Le aziende familiari tornano a crescere

di Andrea Arrigo Panato - 14 dicembre 2015

La settima edizione dell'’Osservatorio Aub dispone di informazioni dettagliate e aggiornate relative alla proprietà, alla governance, al management e alle performance economiche e finanziarie di tutte le 15.722 aziende italiane a proprietà familiare con un fatturato pari o superiore a 20 milioni di euro. Si focalizza poi in maggiore dettaglio sulle 10.231 aziende a controllo familiare. Fino allo scorso anno l’Osservatorio analizzava le imprese con fatturato superiore ai 50 milioni.

L’Osservatorio, realizzato da Bocconi, AIdAF, Unicredit e Camera di Commercio di Milano in collaborazione con Borsa Italiana e Allianz, fornisce dati interessanti: “Le aziende familiari vincono il confronto con le non familiari in termini di crescita, di redditività e di creazione di posti di lavoro considerando sia l’ultimo anno, sia il medio periodo e tornano a indicatori di performance simili a quelli pre-crisi, ma la loro sostanziale passività in termini di acquisizioni e l’invecchiamento dei responsabili d’azienda fanno suonare un campanello d’allarme per il futuro”.

Le principali criticità che emergono da questa ricerca secondo Guido Corbetta sono:

  • la scarsa capacità di crescita esterna attraverso acquisizioni;
  • l’elevata età di chi dirige le aziende familiari;
  • gli investimenti diretti all’estero riguardano una minoranza delle imprese.

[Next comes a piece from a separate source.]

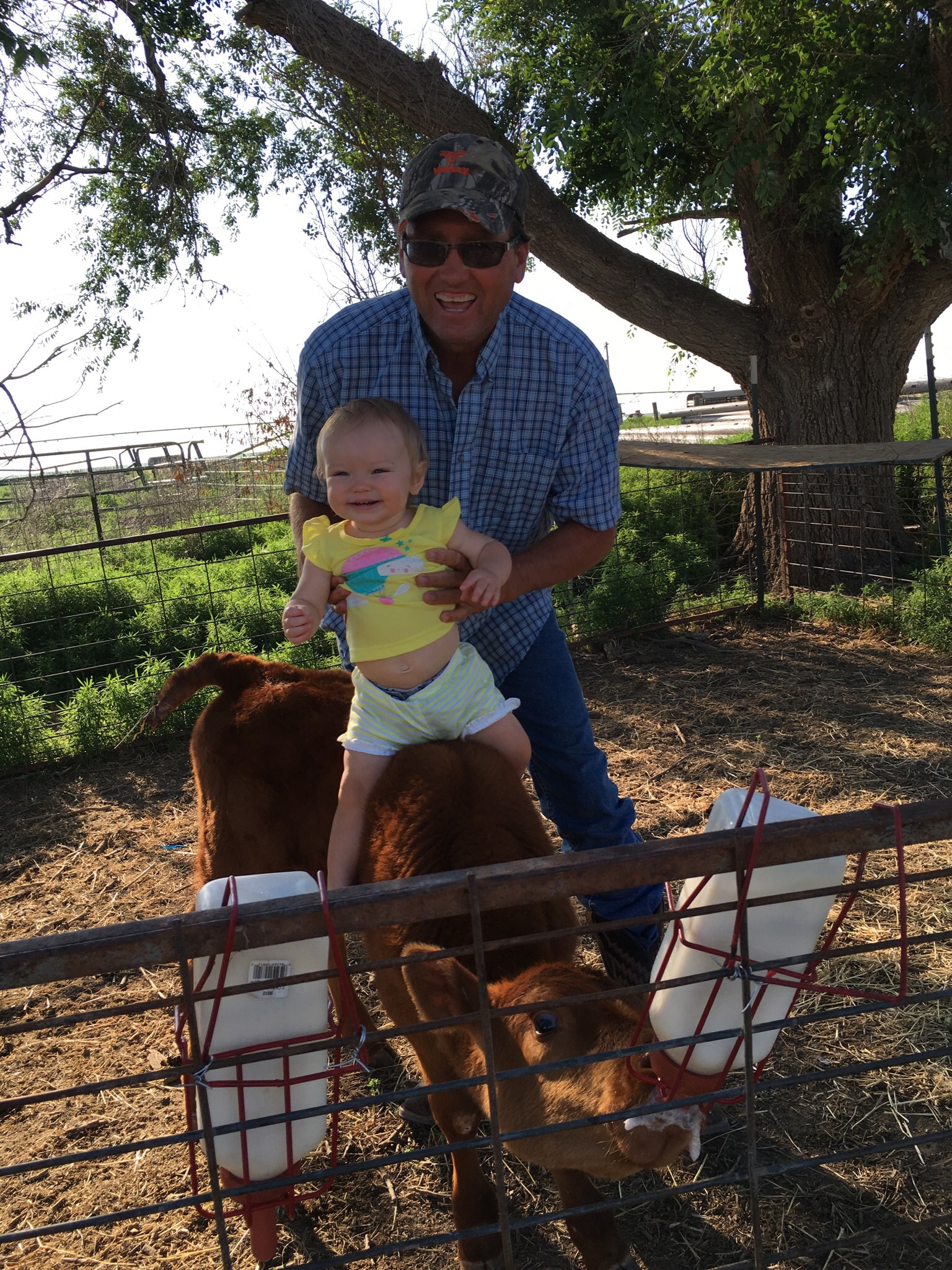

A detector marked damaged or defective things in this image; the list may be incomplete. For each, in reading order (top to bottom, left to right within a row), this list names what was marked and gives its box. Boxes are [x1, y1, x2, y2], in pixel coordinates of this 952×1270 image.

rusty metal fence rail [2, 802, 952, 1270]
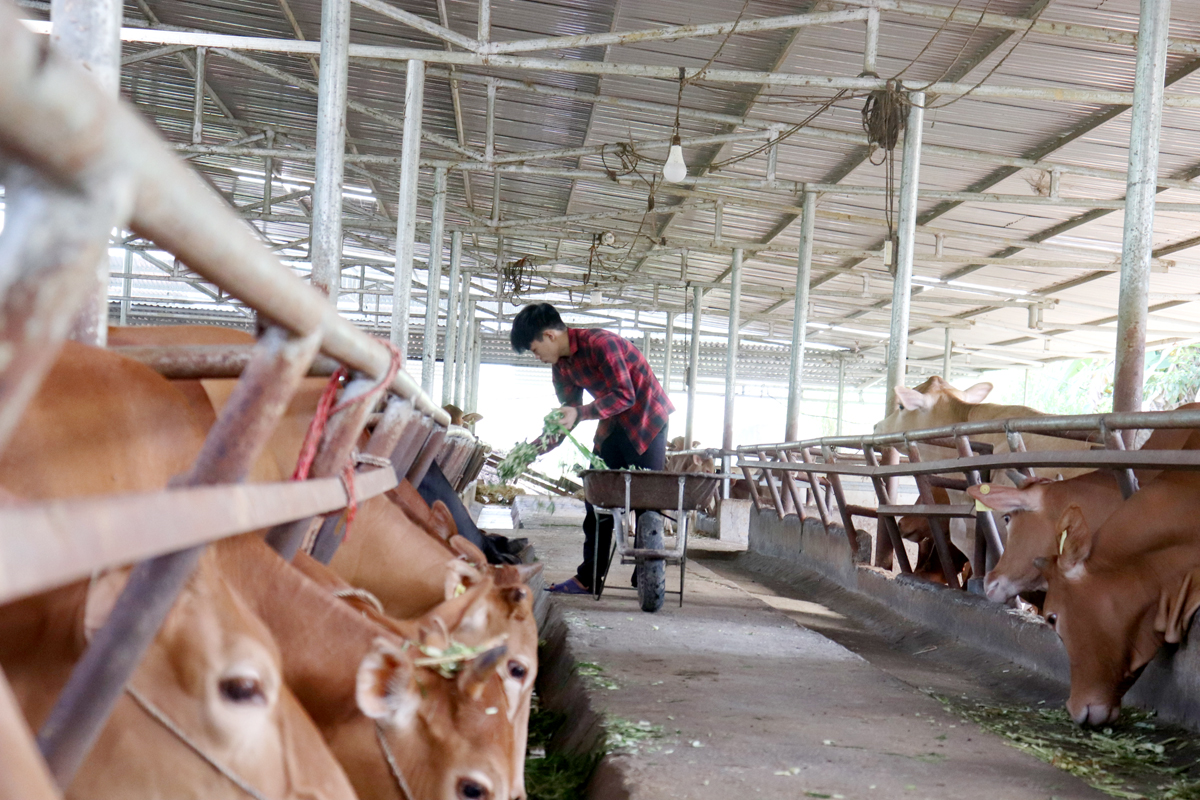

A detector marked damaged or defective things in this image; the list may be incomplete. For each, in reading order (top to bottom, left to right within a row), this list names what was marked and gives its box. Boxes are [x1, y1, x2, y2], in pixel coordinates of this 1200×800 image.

Positivo invece appare il riavvio del processo di successione generazionale.

Interessante inoltre la maggiore complessità della governance: la presenza maggiormente diffusa di più amministratori delegati rappresenta il bisogno di avere a disposizione competenze diverse oltre che la necessità di affiancamento delle giovani generazioni.

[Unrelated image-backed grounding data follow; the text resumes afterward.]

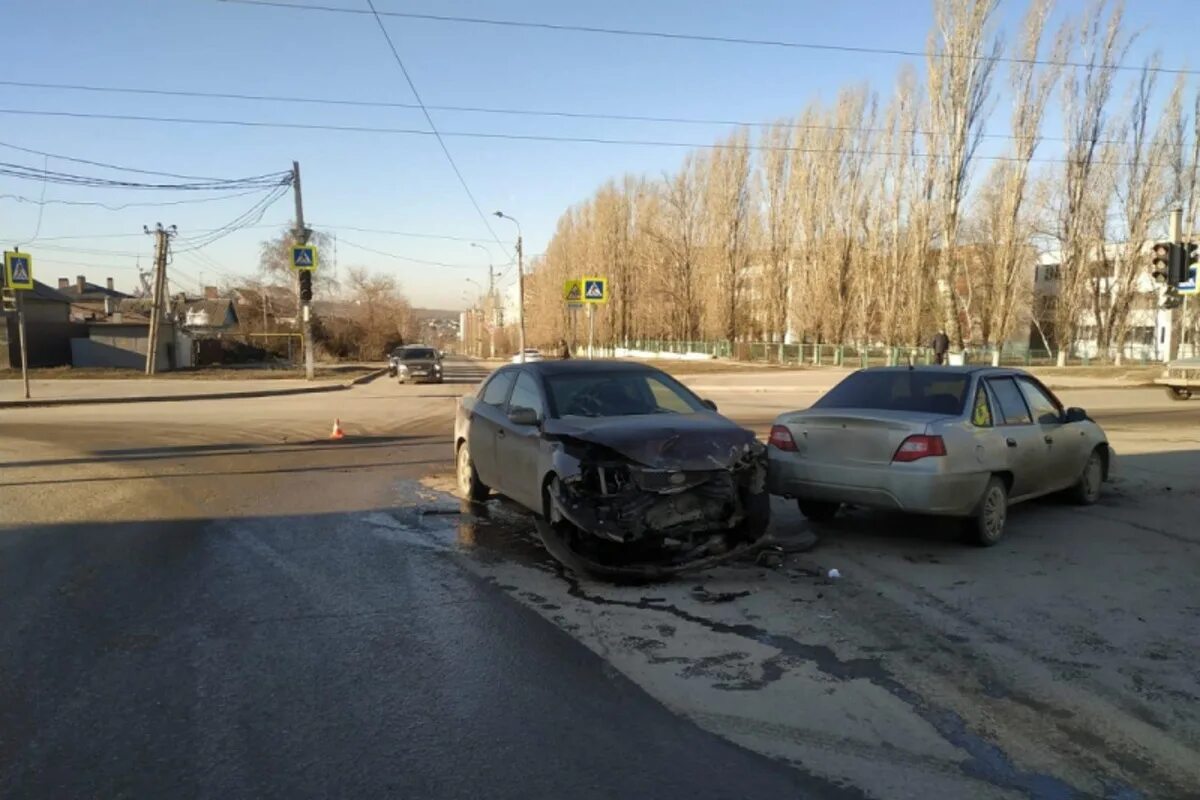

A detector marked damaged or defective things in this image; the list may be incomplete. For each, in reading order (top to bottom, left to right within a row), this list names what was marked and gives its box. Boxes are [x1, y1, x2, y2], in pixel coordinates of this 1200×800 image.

damaged black sedan [450, 360, 768, 576]
crumpled hood [548, 412, 760, 468]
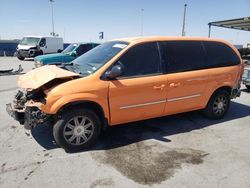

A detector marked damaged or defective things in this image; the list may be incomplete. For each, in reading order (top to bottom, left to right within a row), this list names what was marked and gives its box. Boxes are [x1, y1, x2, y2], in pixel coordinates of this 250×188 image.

crumpled hood [18, 64, 79, 89]
damaged front end [6, 89, 50, 129]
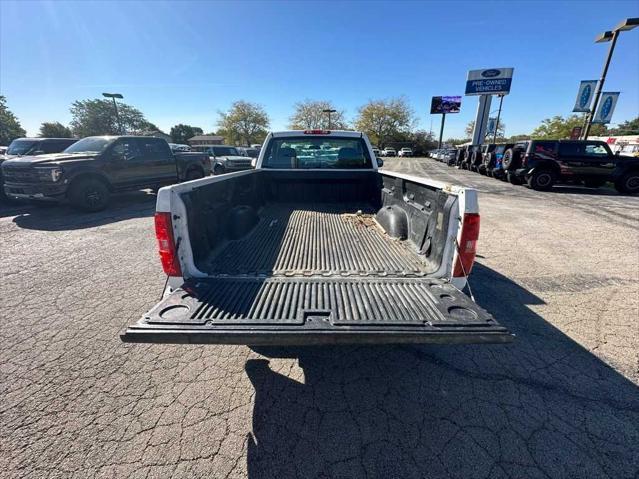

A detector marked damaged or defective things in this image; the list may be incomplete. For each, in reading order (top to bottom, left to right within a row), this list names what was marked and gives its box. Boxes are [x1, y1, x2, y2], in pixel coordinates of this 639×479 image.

cracked asphalt [0, 159, 636, 478]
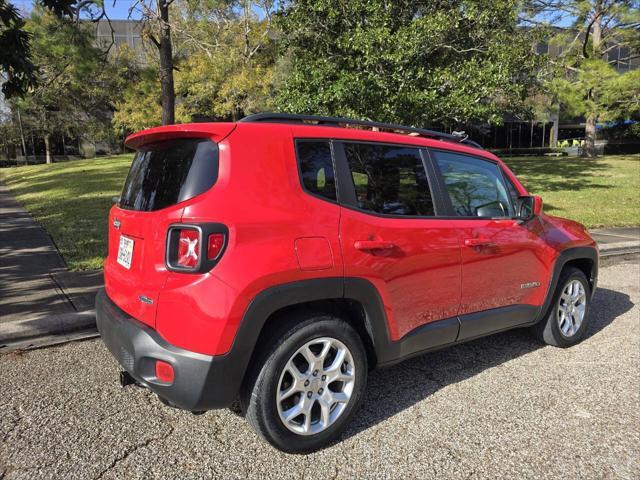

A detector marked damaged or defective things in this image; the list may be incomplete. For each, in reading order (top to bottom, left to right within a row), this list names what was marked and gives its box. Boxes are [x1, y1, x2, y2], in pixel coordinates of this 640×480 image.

cracked asphalt [1, 262, 640, 480]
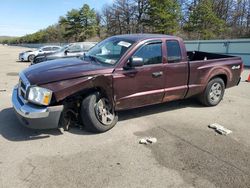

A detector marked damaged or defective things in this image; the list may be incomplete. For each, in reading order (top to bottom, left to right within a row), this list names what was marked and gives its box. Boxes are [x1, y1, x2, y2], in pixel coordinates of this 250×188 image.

exposed wheel [199, 77, 225, 106]
exposed wheel [81, 92, 118, 132]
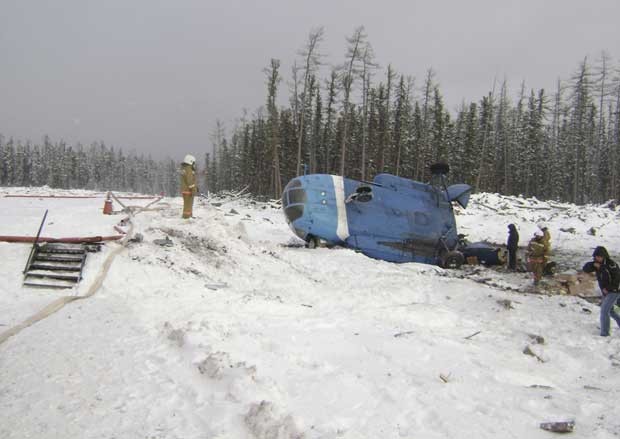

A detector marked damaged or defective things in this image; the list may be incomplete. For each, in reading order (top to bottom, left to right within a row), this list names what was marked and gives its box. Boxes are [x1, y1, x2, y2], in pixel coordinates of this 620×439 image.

crashed helicopter [284, 163, 472, 268]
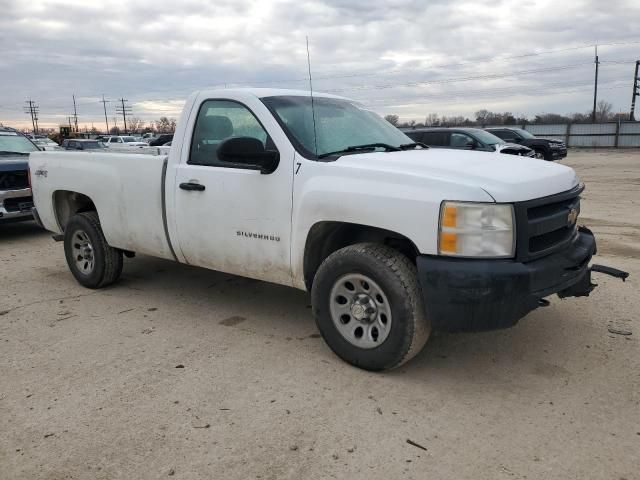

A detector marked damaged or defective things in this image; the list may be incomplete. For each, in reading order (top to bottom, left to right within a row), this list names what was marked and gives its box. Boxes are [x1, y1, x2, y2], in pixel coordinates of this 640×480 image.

damaged front bumper [418, 227, 628, 332]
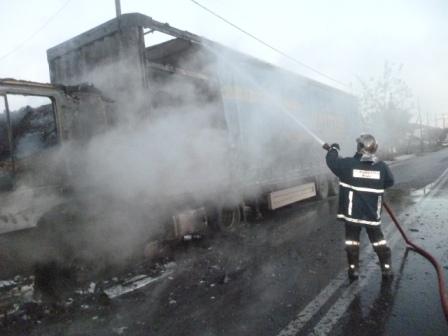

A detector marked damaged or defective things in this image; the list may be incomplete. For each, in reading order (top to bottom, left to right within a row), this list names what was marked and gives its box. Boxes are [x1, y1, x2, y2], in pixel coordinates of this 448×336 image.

burned truck [0, 12, 356, 266]
burnt tire rubber [214, 206, 242, 232]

Appare strategico un attento bilanciamento tra leadership familiare e cda non familiare pur con qualche criticità nell’inserimento di consiglieri e manager non familiari

Le imprese familiari hanno resistito alla crisi meglio di altre, anche per il forte legame con il territorio di origine, per la capacità di innovare e affrontare la sfida internazionale.

Resta ancora complesso il tema del passaggio generazionale che non sempre riesce a garantire nuove energie e una nuova capacità di visione nelle pmi.

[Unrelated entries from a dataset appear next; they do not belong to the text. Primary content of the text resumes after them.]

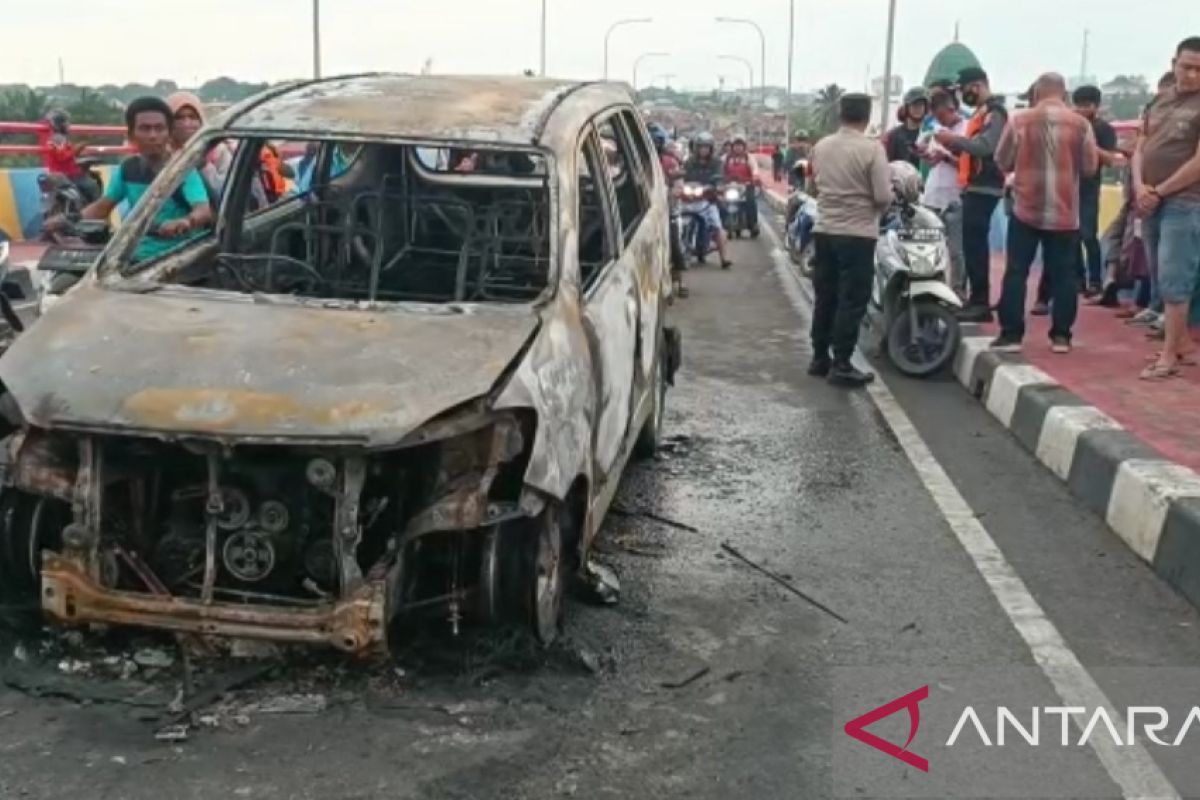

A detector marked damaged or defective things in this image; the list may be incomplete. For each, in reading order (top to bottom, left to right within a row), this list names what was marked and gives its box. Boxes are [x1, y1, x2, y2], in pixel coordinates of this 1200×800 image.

rusted metal panel [229, 75, 585, 144]
charred car roof [216, 73, 638, 146]
burnt car hood [0, 286, 540, 448]
rusted metal panel [0, 286, 540, 450]
burned car wreck [0, 74, 676, 652]
rusted metal panel [39, 554, 386, 652]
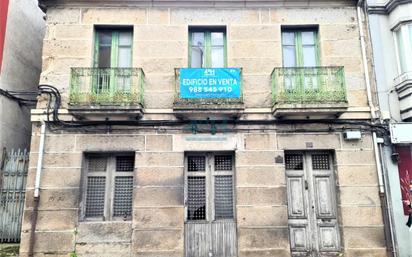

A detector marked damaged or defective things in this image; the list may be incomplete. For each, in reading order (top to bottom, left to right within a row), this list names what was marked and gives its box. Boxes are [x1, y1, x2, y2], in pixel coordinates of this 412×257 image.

rusty balcony railing [68, 67, 144, 106]
rusty balcony railing [272, 66, 346, 105]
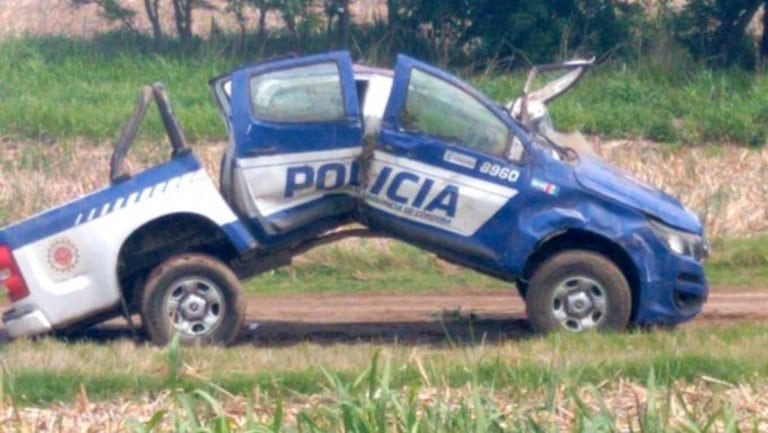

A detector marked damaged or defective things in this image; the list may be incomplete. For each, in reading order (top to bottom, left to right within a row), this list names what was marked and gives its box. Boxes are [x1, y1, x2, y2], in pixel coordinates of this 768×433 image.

I principali temi che le imprese familiari probabilmente si troveranno a dover affrontare sono:

  • la governance della famiglia e dell’azienda;
  • definizione del processo di formulazione della strategia della famiglia e dell’azienda;
  • la possibile apertura del capitale a investitori terzi e la diversificazione del patrimonio di famiglia;
  • il rafforzamento dell’orientamento imprenditoriale nelle nuove generazioni;
  • la scelta di consiglieri indipendenti, amministratori delegati e direttori generali non familiari.

Le sfide restano ancora tutte aperte e solo un forte investimento in cultura aziendale, rafforzando il rapporto università/impresa, consentirà alle imprese familiari di allargare il proprio orizzonte strategico.